Missing Kidney in Sympathy for Mr. Vengeance – Cheryl Eddy

I watched tons of horror as a kid, a pursuit that led me to write my master’s thesis on horror movies when I was in my 20s, and now, as I approach the age of Norman Bates’ mother at the end of Psycho (not really, but it feels like it some days), I am still completely horror obsessed. So I am perhaps slightly harder to scare than a less maniacal viewer. However, I do still get squeamish from time to time; exploding heads are one of my favourite special effects, and that skin-ripping-off-the-skull scene in Poltergeist made a huge impression on me back in the day. But sometimes, certain other effects involving internal organs will take me by surprise. The most vivid example of this that I can recall is Park Chan-wook’s excellent 2002 film Sympathy for Mr. Vengeance — which is much more of a thriller than horror — but contains a scene in which a character wakes up in agony after a tense meeting with black-market organ dealers and realises he’s down a kidney. I almost had to leave the theatre for fear of my lunch leaving my body.

Horror Scenes That Still Haunt Us

Casey’s Death in Scream – Jill Pantozzi

Scream was released just four days after my 14 birthday; I was a baby freshman and still fairly new to going out on the town without adult supervision. I was very sheltered from violence on TV or in movies growing up — yes, they covered my eyes during the face-melting sequence in Raiders of the Lost Ark — so I’d definitely never seen a slasher. I can’t say I remember the marketing for Wes Craven’s film but I do know it was the talk of the high school. “Oh my god, this is going to be so good!” “Yeah, it’s from dude who did A Nightmare on Elm Street, you know it.” Everyone was going to see it opening weekend so I had to too.

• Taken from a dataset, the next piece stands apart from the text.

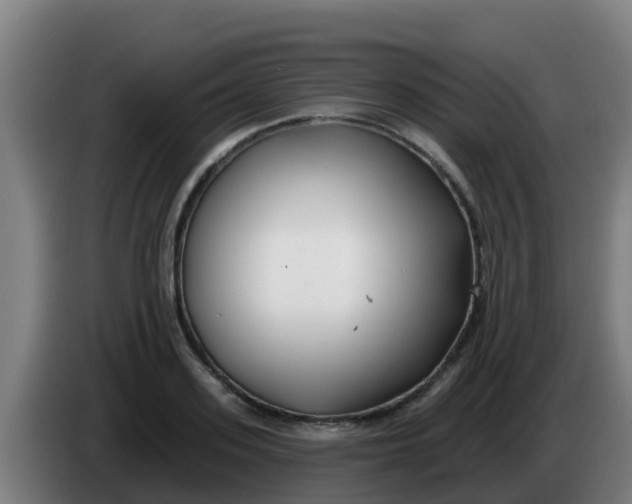 X0000086300939200704201940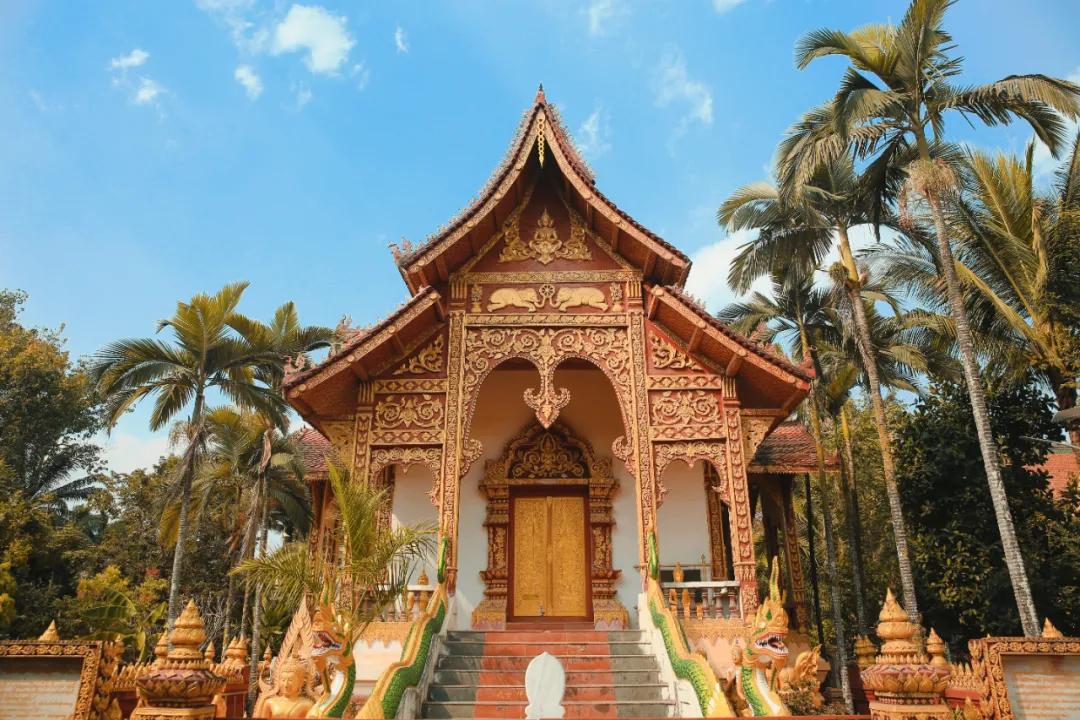 泰国西双版纳旅行,西双版纳基诺山热带雨林徒步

To be fair, I also wanted to. The marketing worked: the cast were ostensibly my peers but looked nothing like me or the kids I hung out with, but they were all attractive people and the soundtrack promised to be rad. Now that I’m thinking back on this night, I don’t actually know how I got in to see the movie. It was a very small local theatre and they were usually very strict about R-rated films. Speaking of which, this was only my second R film — the first watched at a friend’s house just a year earlier (Speed) — so I wasn’t anywhere prepared for the kind of stuff you could show audiences. Damn, did Wes earn that rating.

The whole movie was tremendous but it was the emotionally fraught opening scene that really did me in. We’re introduced to Casey Becker, a high schooler (remember, just like me!) who was home alone and got a scary phone call. Then another. And another. She was played by Drew Barrymore and never in a million years did I think she’d be killed off (oh, sweet summer child). But it was the way she was killed that really scared me. I immediately put myself in Casey’s shoes; what would I do if I was home alone and got such a call, would it be like this even if I had neighbours nearby, who would do this to me? Before I had time to follow all those implications through, Casey’s boyfriend had been gutted right outside her house and she’d been stabbed multiple times. She even has time to see her parents return home but can barely call out to them as she’s bleeding out. Her mother listened to her last, gasping breaths from another phone in the house after trying to call for help… her parents got home too late, but just in time to see their baby girl hanging from a tree in their front yard, her insides now on her outside. Boom. Back to regular, quiet suburban life for Sidney Prescott, the star of the film. I couldn’t believe what I’d just seen, my body was completely tense. I honestly didn’t know if I could handle more but I also knew I was hooked. That Wes Craven guy knew a thing or two about horror, huh?